ASSIGNED TASK: Write out exactly the lines from the one that contains "Funny easter dog Stock Photos" down to the last line of the material below, keeping both ends and omitting pictures.
--- RECORDS SUPPLIED Enclosed Below ---
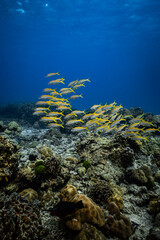 School of yellowfin goatfish swimming over healthy coral reef in ocean. © PIPE DIVE UNDERWATER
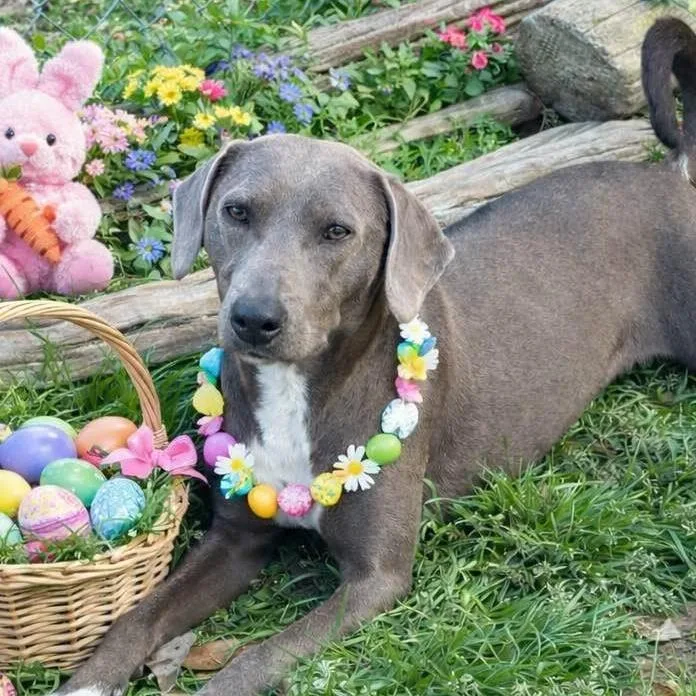 A young medium-sized female Weimaraner dog named Livia for adoption in Locust Fork, AL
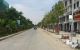 thum-m_jboBdvEzwC_1635430347.jpg
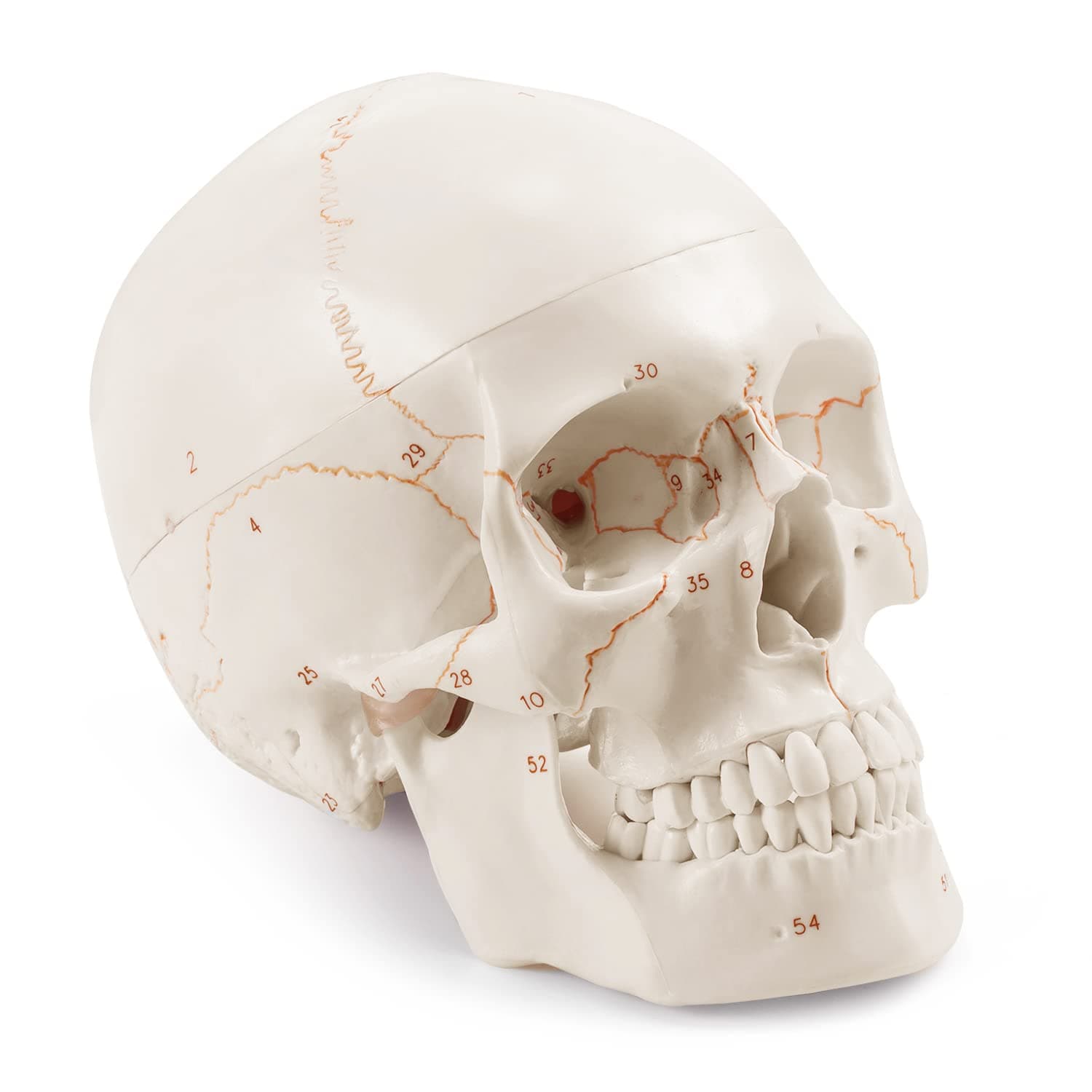 Medarchitect Upgraded Life Size Human Head Skull Anatomical Model with Newest Laser-Etched Fonts Not Hand Write Number, Not Smudged for Medical Student Human Anatomy Study Course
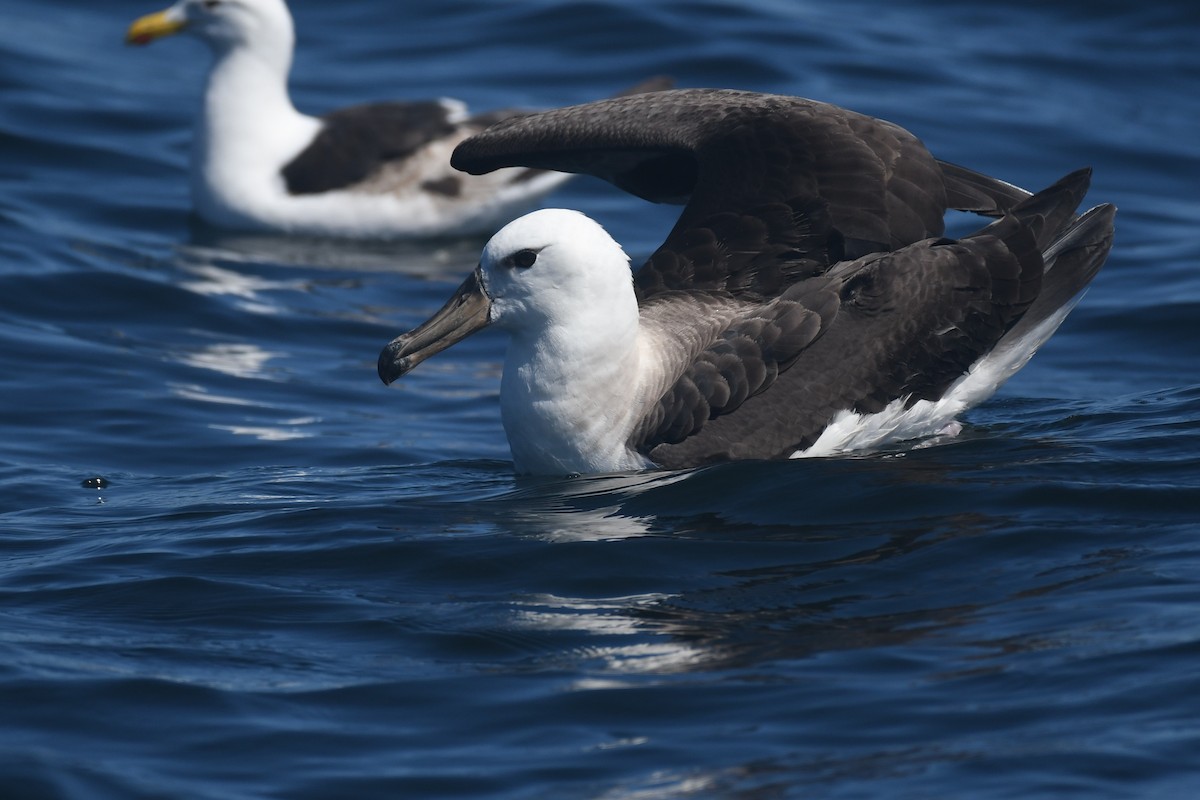 Чернобровый альбатрос - ML526018231
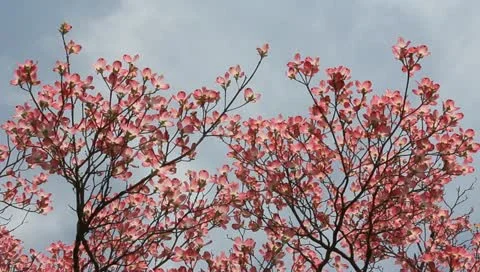 Pink dogwood trees with sky background Stock Footage 11019748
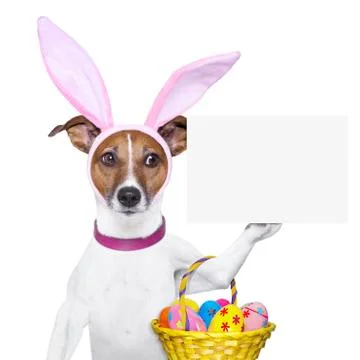 Funny easter dog Stock Photos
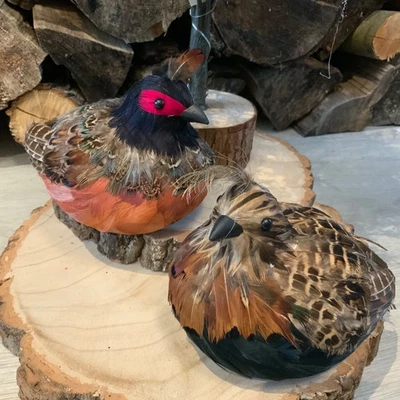 Sitting Partridge Feather Decoration Christmas Figure Country Gisela Graham Game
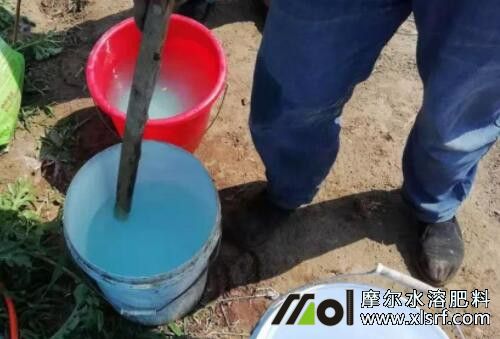 水溶肥料正確使用 水溶肥料正確使用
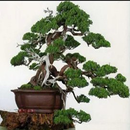 Ide kreatif tanaman bonsai APK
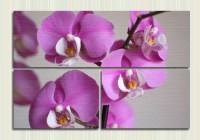 орхидеи на ветке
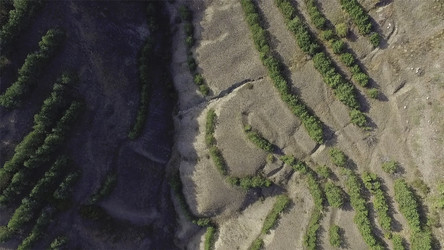 Similar image 22371084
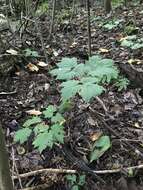 Image of Appalachian bugbane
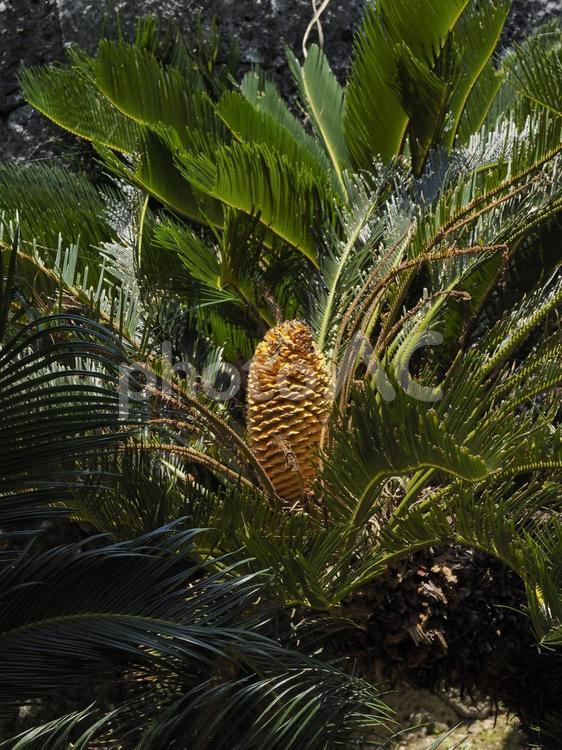 ソテツ（沖縄県那覇市）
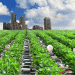 harvard, edward glaeser, harvard economist, urban farm, urban agriculture, rooftop farm, brooklyn grange, battery conservancy, turkey farm, turkey-shaped farm, vertical farm, vertical farms, urban density, energy use, carbon dioxide emissions, food miles, harvard university, alternative agriculture, green, green design, environmental design, green cities,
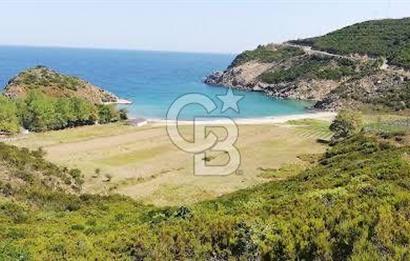 CB LEADER'DEN  ERDEK ORMANLI’DA YATIRIMLIK DENİZ MANZARALI TARLA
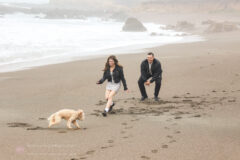 Surprise Proposal and Engagement PHotos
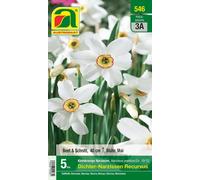 AUSTROSAAT Narcisse des Poètes "Recurvus" - 5 bulbes
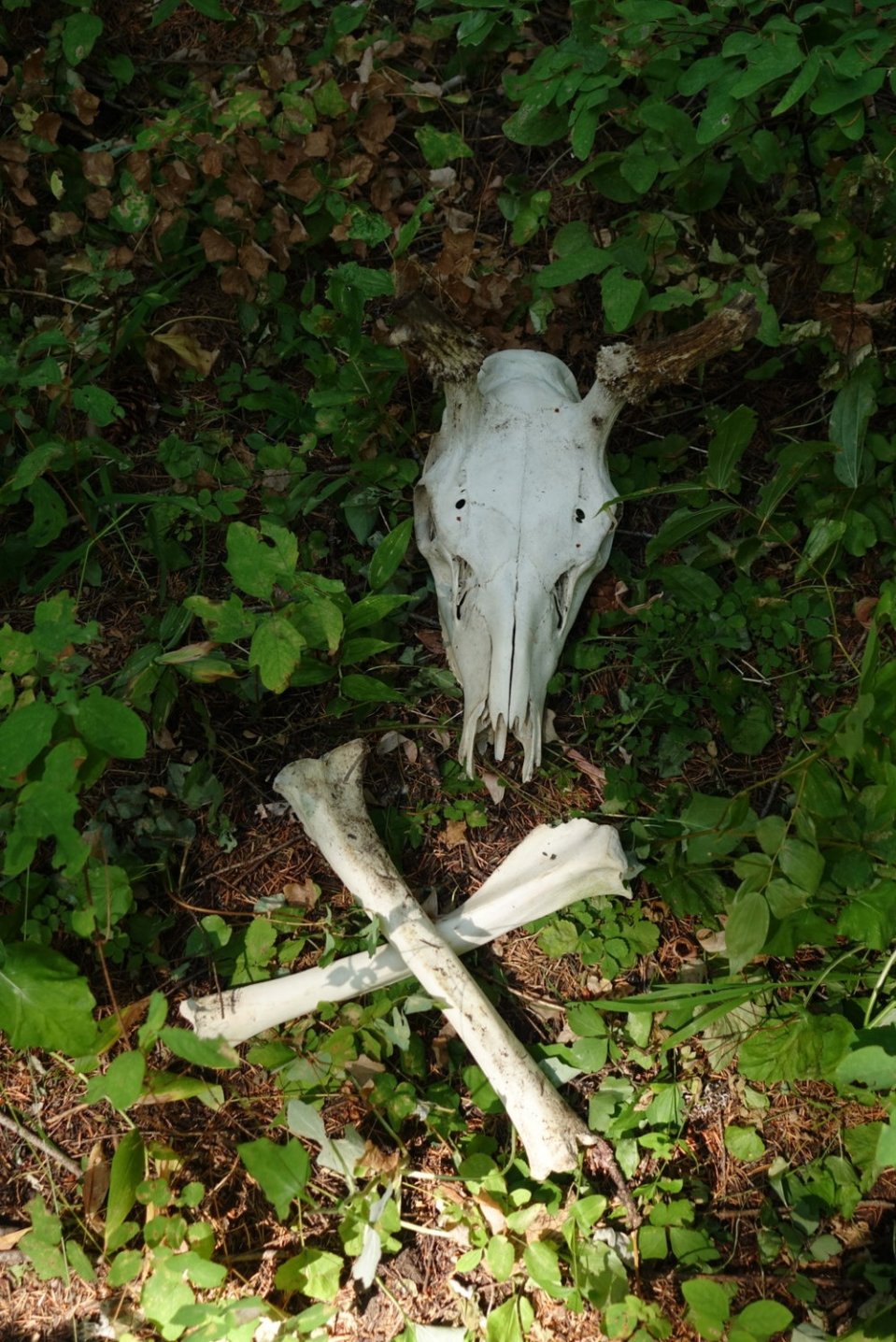  One of the first notable things I saw in Washington. Is this a sign?&nbsp; 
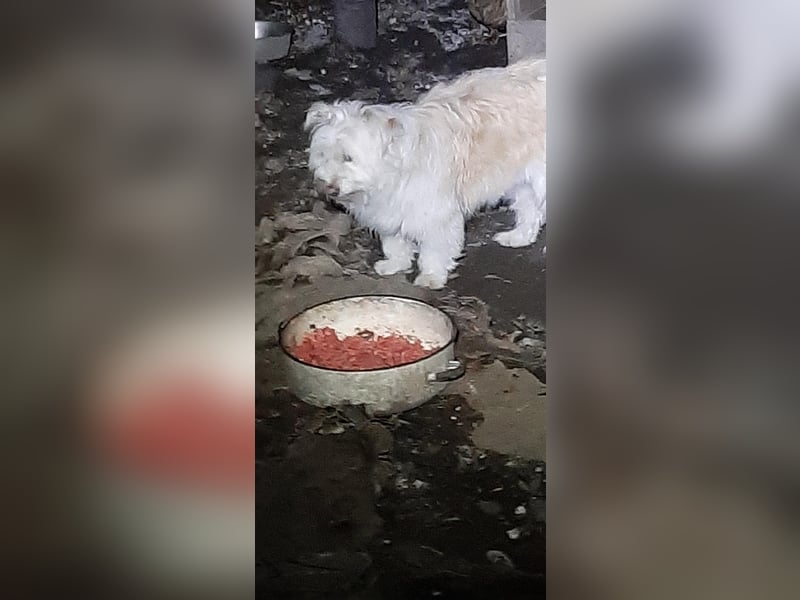 Maiko– entzückendes Hundemädchen sucht ihr Glück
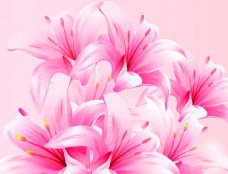 水仙花百合花粉红色花朵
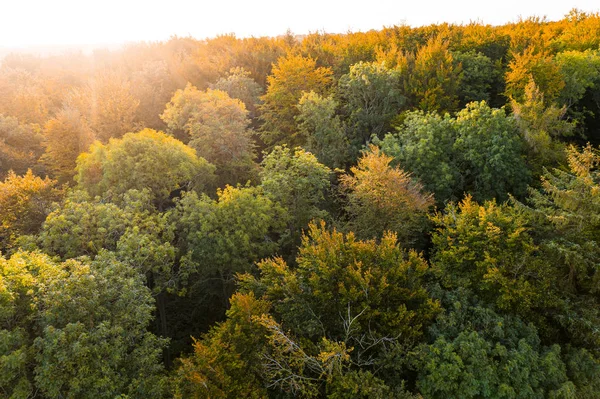 Осінній ліс на сході сонця — стокове фото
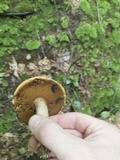 Boletus vermiculosoides image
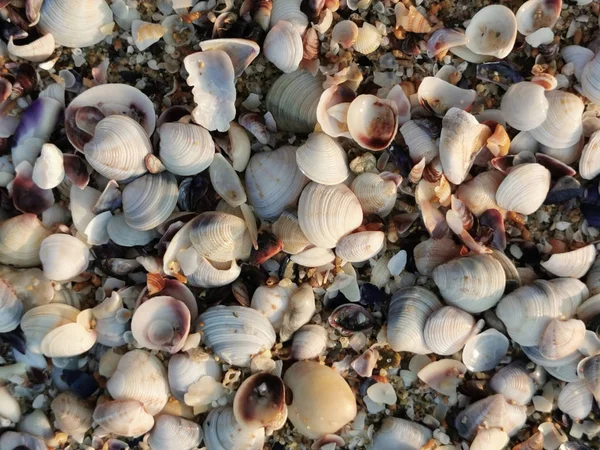 Sea shells texture — Stock Photo, Image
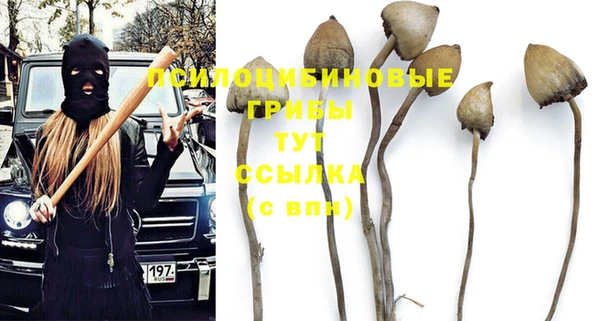 гидра Абинск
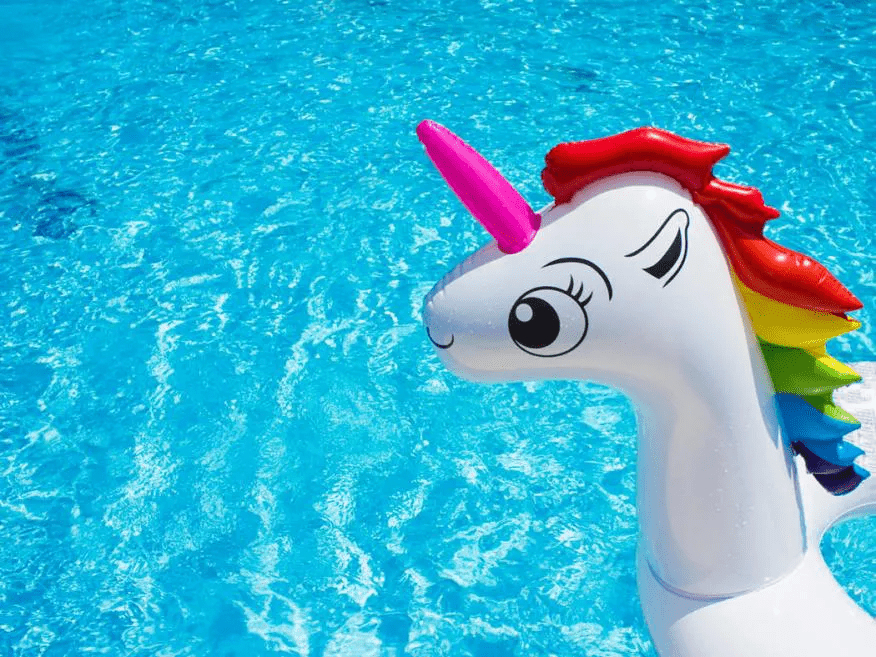 Quais os próximos unicórnios brasileiros de 2022?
--- End of Enclosed RECORDS SUPPLIED ---
ANSWER BELOW:
 Funny easter dog Stock Photos
 Sitting Partridge Feather Decoration Christmas Figure Country Gisela Graham Game
 水溶肥料正確使用 水溶肥料正確使用
 Ide kreatif tanaman bonsai APK
 орхидеи на ветке
 Similar image 22371084
 Image of Appalachian bugbane
 ソテツ（沖縄県那覇市）
 harvard, edward glaeser, harvard economist, urban farm, urban agriculture, rooftop farm, brooklyn grange, battery conservancy, turkey farm, turkey-shaped farm, vertical farm, vertical farms, urban density, energy use, carbon dioxide emissions, food miles, harvard university, alternative agriculture, green, green design, environmental design, green cities,
 CB LEADER'DEN  ERDEK ORMANLI’DA YATIRIMLIK DENİZ MANZARALI TARLA
 Surprise Proposal and Engagement PHotos
 AUSTROSAAT Narcisse des Poètes "Recurvus" - 5 bulbes
  One of the first notable things I saw in Washington. Is this a sign?&nbsp; 
 Maiko– entzückendes Hundemädchen sucht ihr Glück
 水仙花百合花粉红色花朵
 Осінній ліс на сході сонця — стокове фото
 Boletus vermiculosoides image
 Sea shells texture — Stock Photo, Image
 гидра Абинск
 Quais os próximos unicórnios brasileiros de 2022?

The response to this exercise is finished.